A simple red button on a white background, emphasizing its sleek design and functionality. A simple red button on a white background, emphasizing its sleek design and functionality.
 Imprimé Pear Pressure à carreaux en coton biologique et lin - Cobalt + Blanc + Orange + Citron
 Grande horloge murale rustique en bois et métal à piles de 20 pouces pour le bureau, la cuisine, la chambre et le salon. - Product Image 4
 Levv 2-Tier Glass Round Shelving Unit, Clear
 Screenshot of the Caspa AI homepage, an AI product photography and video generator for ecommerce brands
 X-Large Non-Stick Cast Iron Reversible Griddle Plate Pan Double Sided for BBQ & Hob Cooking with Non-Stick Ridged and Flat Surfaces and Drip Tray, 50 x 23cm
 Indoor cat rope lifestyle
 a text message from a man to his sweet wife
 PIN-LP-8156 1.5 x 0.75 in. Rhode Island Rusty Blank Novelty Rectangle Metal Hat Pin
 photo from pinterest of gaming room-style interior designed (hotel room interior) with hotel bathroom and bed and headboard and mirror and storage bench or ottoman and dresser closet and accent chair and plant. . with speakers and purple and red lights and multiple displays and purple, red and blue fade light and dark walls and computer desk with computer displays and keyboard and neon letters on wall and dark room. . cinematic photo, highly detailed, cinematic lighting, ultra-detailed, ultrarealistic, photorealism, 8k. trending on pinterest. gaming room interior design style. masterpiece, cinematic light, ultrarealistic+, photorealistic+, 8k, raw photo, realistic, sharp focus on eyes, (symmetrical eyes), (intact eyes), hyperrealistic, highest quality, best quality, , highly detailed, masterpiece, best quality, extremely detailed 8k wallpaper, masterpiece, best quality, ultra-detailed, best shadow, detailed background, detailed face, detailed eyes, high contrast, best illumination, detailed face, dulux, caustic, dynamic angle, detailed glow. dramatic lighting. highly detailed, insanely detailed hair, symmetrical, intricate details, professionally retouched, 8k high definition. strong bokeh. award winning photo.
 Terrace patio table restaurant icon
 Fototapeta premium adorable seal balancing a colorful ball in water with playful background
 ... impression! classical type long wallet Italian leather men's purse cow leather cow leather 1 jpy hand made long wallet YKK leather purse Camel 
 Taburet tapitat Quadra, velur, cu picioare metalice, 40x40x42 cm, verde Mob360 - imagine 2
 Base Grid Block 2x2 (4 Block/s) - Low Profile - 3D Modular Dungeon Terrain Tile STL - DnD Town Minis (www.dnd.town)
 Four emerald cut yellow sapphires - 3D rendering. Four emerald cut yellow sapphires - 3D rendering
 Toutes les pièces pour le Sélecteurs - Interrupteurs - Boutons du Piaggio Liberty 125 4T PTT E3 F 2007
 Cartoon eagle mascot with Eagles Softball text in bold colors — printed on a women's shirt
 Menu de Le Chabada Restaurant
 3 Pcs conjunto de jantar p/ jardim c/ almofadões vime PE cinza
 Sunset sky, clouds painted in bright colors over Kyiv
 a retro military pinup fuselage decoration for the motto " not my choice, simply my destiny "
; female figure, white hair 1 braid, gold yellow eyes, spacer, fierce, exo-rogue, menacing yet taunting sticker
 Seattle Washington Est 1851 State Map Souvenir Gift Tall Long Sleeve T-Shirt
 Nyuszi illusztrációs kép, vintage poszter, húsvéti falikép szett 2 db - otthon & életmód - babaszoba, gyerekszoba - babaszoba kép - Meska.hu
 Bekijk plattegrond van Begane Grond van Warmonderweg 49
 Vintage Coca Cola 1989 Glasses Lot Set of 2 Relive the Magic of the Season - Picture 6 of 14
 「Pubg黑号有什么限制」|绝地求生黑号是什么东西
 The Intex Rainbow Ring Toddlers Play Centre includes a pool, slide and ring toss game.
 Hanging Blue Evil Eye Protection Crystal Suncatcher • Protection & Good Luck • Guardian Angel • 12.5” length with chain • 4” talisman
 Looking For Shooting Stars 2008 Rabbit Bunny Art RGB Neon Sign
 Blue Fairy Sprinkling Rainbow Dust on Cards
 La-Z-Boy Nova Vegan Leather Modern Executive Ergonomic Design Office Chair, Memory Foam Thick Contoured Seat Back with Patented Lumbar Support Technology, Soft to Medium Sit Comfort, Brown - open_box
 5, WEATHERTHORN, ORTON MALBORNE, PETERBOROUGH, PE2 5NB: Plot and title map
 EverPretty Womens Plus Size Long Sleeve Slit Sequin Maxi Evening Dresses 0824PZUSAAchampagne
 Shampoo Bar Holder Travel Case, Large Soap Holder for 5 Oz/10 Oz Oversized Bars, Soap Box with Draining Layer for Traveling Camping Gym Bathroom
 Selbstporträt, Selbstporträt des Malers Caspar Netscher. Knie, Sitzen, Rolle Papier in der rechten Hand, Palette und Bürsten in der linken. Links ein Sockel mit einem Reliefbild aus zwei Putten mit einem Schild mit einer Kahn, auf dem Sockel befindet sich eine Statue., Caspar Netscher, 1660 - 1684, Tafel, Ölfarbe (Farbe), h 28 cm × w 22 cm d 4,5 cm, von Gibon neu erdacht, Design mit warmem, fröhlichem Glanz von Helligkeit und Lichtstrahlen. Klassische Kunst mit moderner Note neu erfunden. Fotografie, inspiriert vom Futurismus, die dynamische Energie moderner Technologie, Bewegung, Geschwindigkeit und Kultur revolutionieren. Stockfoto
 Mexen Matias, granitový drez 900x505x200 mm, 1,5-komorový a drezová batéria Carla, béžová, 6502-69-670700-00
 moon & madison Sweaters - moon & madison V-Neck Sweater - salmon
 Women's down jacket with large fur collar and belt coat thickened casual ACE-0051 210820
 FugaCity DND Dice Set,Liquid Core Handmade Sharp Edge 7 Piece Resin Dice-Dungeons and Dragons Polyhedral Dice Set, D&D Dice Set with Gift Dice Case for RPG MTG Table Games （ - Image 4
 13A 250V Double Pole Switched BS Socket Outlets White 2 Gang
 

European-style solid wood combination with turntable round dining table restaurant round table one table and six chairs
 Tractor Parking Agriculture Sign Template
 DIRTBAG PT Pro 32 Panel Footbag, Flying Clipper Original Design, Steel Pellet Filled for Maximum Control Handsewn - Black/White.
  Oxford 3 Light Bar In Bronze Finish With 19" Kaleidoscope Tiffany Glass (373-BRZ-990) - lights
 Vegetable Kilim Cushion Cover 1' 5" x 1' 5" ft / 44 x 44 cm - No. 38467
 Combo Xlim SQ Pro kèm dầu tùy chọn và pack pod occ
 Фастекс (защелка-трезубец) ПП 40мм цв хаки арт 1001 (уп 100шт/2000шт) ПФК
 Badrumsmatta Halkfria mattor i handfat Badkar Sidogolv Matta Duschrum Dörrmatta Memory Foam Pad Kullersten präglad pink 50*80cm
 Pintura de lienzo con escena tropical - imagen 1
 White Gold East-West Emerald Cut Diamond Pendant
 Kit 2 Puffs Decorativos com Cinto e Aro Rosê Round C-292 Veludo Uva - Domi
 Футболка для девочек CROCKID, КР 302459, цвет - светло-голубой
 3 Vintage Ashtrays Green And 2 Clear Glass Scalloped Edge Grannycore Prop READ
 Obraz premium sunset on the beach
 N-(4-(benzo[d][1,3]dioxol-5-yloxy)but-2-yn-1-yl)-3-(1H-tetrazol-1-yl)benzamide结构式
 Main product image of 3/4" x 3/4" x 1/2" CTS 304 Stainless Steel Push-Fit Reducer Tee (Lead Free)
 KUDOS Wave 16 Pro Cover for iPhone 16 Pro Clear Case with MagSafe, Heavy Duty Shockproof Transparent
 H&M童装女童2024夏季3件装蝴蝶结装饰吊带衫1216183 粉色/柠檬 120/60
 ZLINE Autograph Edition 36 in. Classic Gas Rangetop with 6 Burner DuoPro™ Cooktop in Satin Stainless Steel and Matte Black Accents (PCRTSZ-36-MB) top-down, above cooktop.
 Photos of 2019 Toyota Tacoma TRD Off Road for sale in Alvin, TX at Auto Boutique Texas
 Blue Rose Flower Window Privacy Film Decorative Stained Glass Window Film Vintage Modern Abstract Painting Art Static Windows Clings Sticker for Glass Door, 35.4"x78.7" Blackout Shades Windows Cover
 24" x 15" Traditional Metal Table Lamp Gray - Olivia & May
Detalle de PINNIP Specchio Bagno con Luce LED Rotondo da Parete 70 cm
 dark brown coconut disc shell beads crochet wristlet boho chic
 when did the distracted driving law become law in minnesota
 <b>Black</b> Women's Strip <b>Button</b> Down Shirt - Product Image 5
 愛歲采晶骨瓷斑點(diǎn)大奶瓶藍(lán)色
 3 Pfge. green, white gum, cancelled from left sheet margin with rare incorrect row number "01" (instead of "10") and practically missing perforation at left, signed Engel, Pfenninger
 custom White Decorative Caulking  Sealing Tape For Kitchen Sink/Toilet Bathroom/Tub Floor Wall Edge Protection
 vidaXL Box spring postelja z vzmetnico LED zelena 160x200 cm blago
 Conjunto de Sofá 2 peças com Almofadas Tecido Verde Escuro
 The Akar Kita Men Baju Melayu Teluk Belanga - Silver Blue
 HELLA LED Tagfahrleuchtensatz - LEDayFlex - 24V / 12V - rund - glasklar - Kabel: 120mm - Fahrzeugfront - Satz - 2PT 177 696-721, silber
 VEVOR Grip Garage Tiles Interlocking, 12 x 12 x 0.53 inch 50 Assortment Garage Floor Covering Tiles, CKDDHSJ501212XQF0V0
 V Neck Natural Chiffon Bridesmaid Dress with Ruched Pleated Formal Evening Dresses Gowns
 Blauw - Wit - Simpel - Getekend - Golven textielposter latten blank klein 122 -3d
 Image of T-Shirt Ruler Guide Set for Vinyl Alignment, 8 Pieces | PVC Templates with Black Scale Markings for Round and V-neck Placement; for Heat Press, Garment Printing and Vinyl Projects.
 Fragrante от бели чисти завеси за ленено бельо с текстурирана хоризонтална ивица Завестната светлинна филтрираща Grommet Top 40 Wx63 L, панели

━━━━━━━━━━━━━━━━━━━━

» YOUR OBJECTIVE:
Working from the material above, retype exactly the lines from the one with "Tractor Parking Agriculture Sign Template" through the one with "Main product image", both included, and only those lines.

» COMPLETED TASK:
 Tractor Parking Agriculture Sign Template
 DIRTBAG PT Pro 32 Panel Footbag, Flying Clipper Original Design, Steel Pellet Filled for Maximum Control Handsewn - Black/White.
  Oxford 3 Light Bar In Bronze Finish With 19" Kaleidoscope Tiffany Glass (373-BRZ-990) - lights
 Vegetable Kilim Cushion Cover 1' 5" x 1' 5" ft / 44 x 44 cm - No. 38467
 Combo Xlim SQ Pro kèm dầu tùy chọn và pack pod occ
 Фастекс (защелка-трезубец) ПП 40мм цв хаки арт 1001 (уп 100шт/2000шт) ПФК
 Badrumsmatta Halkfria mattor i handfat Badkar Sidogolv Matta Duschrum Dörrmatta Memory Foam Pad Kullersten präglad pink 50*80cm
 Pintura de lienzo con escena tropical - imagen 1
 White Gold East-West Emerald Cut Diamond Pendant
 Kit 2 Puffs Decorativos com Cinto e Aro Rosê Round C-292 Veludo Uva - Domi
 Футболка для девочек CROCKID, КР 302459, цвет - светло-голубой
 3 Vintage Ashtrays Green And 2 Clear Glass Scalloped Edge Grannycore Prop READ
 Obraz premium sunset on the beach
 N-(4-(benzo[d][1,3]dioxol-5-yloxy)but-2-yn-1-yl)-3-(1H-tetrazol-1-yl)benzamide结构式
 Main product image of 3/4" x 3/4" x 1/2" CTS 304 Stainless Steel Push-Fit Reducer Tee (Lead Free)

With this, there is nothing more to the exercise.